Lübnan’ın güneyindeki Sayda kentinde bulunan Ayn el-Hilve mülteci kampında Filistinli güçlerin kamp içinde vardığı ateşkes anlaşmasının uygulanmasının ardından yaşanan görece sükûnetin ardından yeniden şiddetli çatışmalar başladı.
Al-Mayadeen muhabirinin bildirdiğine göre, 2 Ağustos akşamı Ayn el-Hilve kampında makineli tüfekler ve top mermileriyle şiddetli çatışmalar yaşandı. Filistinli kaynaklara göre, yeniden başlayan çatışmalar, son birkaç gündür Ayn el-Hilve’deki yoğun çatışmalara dahil olan El Kaide bağlantılı Cund el-Şam tarafından El Fetih karargahına yapılan bir saldırıya bağlanıyor.
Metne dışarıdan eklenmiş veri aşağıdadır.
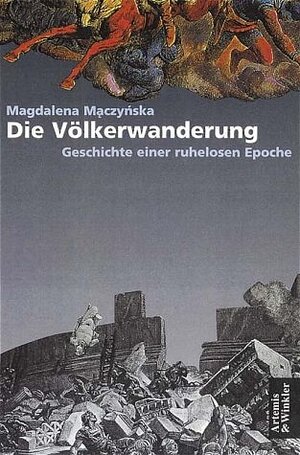 Buchcover Die Völkerwanderung | Magdalena Maczynska | EAN 9783760812045 | ISBN 3-7608-1204-X | ISBN 978-3-7608-1204-5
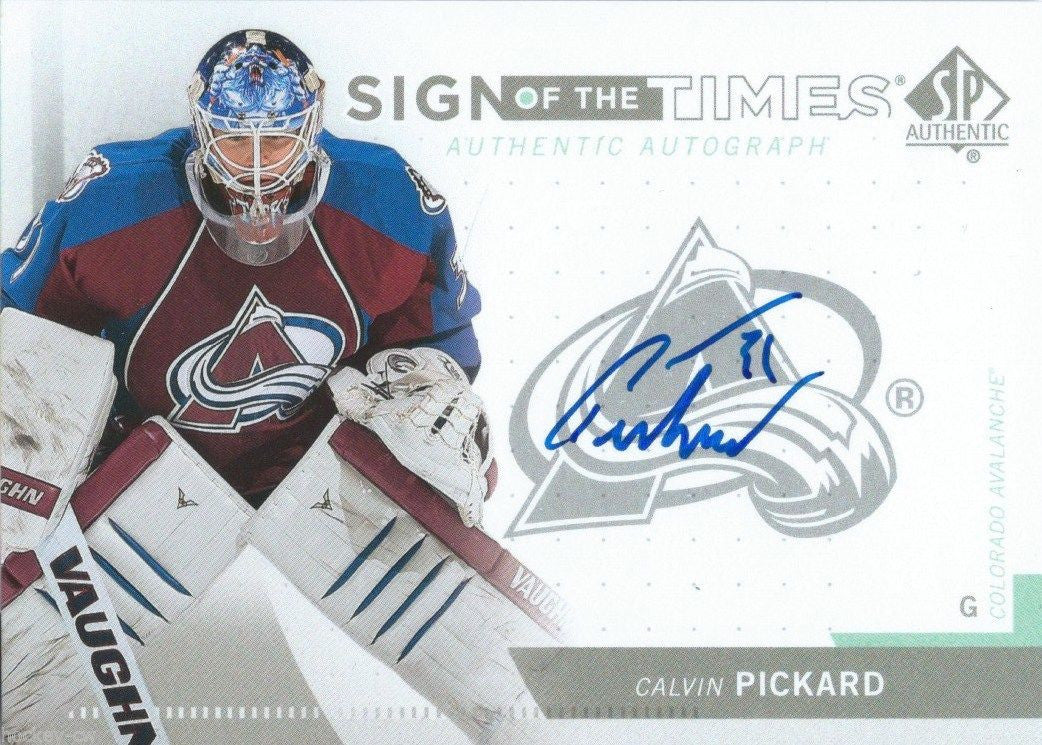 2013-14 SP Authentic CALVIN PICKARD Auto Sign of the Times UD 00214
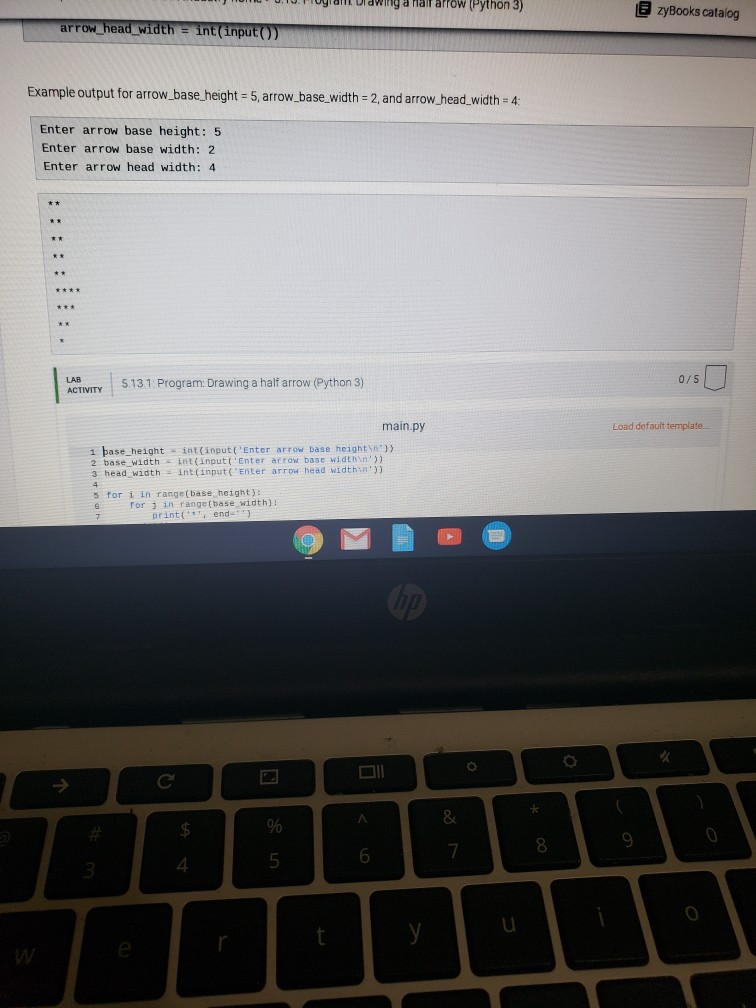 (Solved) : 513 Program Drawing Half Arrow Python 3 Zylab Activity ...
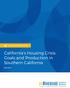 Economy White Paper Series. California s Housing Crisis: Goals and Production in Southern California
Sidon’daki El Fetih şefi Mahir Şabayta, “Mevzilerimize yapılan ve bir şehidimize yol açan füze saldırısı bizi şaşırttı,” dedi. Filistinli yetkiliye göre El Fetih üyeleri Cund el-Şam’ın saldırısının ardından mevzilerini savunmak zorunda kaldı. Cund el-Şam, Suriye savaşında da Suriye ordusuna karşı savaşan silahlı gruplar arasında yer alıyordu.
Çatışmalar ilk olarak Cumartesi akşamı kampta üslenen Cund el-Şam’ın komutanlarından Ebu Katade’ye yönelik bir suikast girişiminin ardından başladı. Pazar günü ise El Fetih’in üst düzey güvenlik yetkilisi Ebu Eşref el-Armuşi dört arkadaşıyla birlikte suikasta uğradı. Armuşi, kampın iç güvenliğinden sorumluydu. Ardından kamp genelinde yoğun bir çatışma başladı.
Filistin haber ajansı WAFA tarafından yayınlanan açıklamada Filistin liderliği, ‘menfur katliamı ve kampın ve sakinlerinin emniyet ve güvenliğini sağlamak için canla başla çalışan ulusal güvenlik güçlerine yönelik terörist suikastı’ kınadı ve Lübnan’daki Filistin kamplarının güvenliğinin ‘kırmızı çizgi’ olduğunu söyledi.
Çok sayıda ölü ve yaralının yanı sıra binlerce kişinin yerinden edilmesine yol açan günlerce süren yoğun çatışmaların ardından 1 Ağustos’ta Ayn el-Hilve Filistin Ortak Eylem Komitesi’nin gözetiminde bir ateşkes anlaşmasına varıldı.
Ertesi gece çatışmaların yeniden başlamasının ardından Nasırcı Halk Örgütü’nden (PNO) Lübnanlı milletvekili Usame Saad, Armuşi’nin katillerinin devlete teslim edilmesini de içeren kalıcı bir ateşkese varılması için çalışmaların sürdüğünü söyledi.
Saad, “Ayn el-Hilve’de işlenen suçun zamanlaması, Lübnan’ın iç durumu, bölgedeki durum ve İsrail’in nerede olurlarsa olsunlar Filistinlileri hedef almasıyla bağlantılı,” diyerek ‘dış müdahale’ye dikkat çekti. Ayn el-Hilve kampında silah kullanımının düzenlenmesinin önemini de vurgulayan Saad, silahların sadece ‘İsrail’in Lübnan’a saldırısına’ karşı kullanılması gerektiğini de sözlerine ekledi.
Bu arada Hamas lideri İsmail Heniyye Lübnan direnişine gönderdiği mesajda Hizbullah lideri Hasan Nasrallah’ı Ayn el-Hilve’deki şiddeti durdurmak için elinden geleni yapmaya çağırdı.
Öte yandan Sebastia (Nablus) Rum Ortodoks Başpiskoposu Atallah Hanna, Lübnan’da yaşanan olayları ‘utanç verici’ olarak nitelendirdi. Hanna, “Kamplarda kardeşler arasında silah kullanılması çok ciddi bir konudur,” dedi.
Bu ‘çekişmeyi’ sona erdirmek ve ‘kampımıza zarar vermeyi amaçlayan şeytani planı’ ve Filistinlilerin geri dönüş hakkını baltalamak için atılan adımların başarılı olmasının engellemesini umduğunu ifade etti.
Hanna, “Ayn el-Hilve’de yaşananlar halkımıza bir hakarettir… ve davamızın adaletini çarpıtmaya ve baltalamaya yönelik bir girişimdir,” dedi. Hanna, “Bu olayların bilgelik ve sorumluluk ruhuyla ele alınmasını ve tüm Filistinlilerin haklı davalarını ve çalınan vatanlarına geri dönme meşru haklarını savunmak üzere birleşmeleri için bu iç çekişmenin sona ermesini umuyoruz,” diye ekledi.
Ayn el-Hilve mülteci kampında 2017 yılında da Filistinli gruplar ile IŞİD arasında günler süren çatışmalar yaşanmıştı.